* **Task statement**
When the line containing "Home Sweet Font OTHER CHARS" is found in the data below, give it again along with every later line, exactly; drop the pictures.

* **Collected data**
************
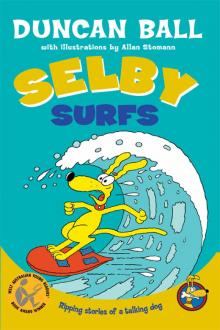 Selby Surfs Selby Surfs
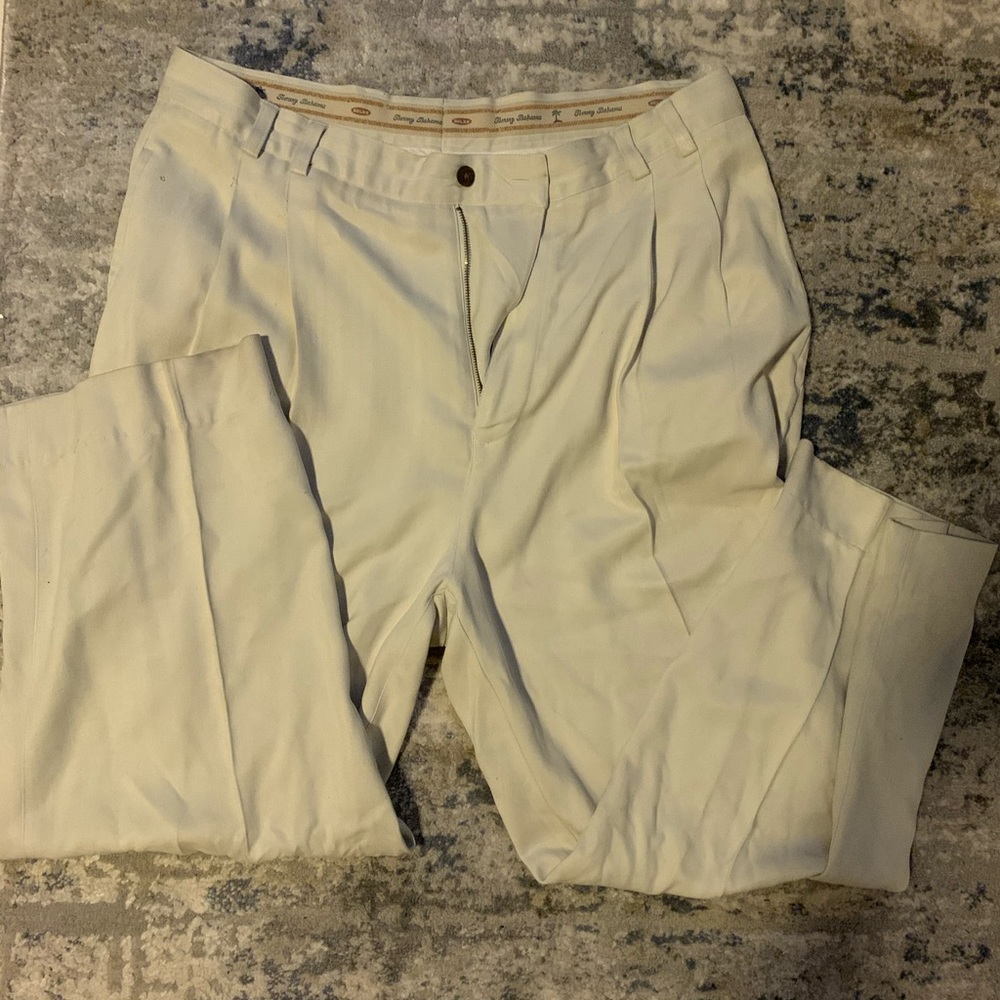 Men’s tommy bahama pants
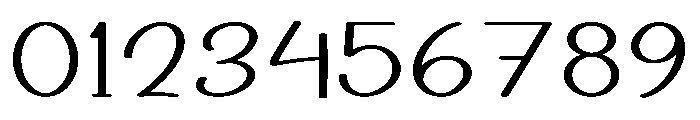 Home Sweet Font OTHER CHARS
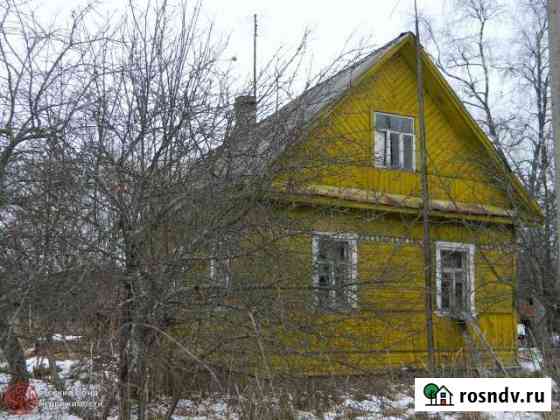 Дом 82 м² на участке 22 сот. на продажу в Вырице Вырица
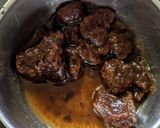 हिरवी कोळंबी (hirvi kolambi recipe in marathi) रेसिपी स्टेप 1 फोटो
************
* **Task result**
 Home Sweet Font OTHER CHARS
 Дом 82 м² на участке 22 сот. на продажу в Вырице Вырица
 हिरवी कोळंबी (hirvi kolambi recipe in marathi) रेसिपी स्टेप 1 फोटो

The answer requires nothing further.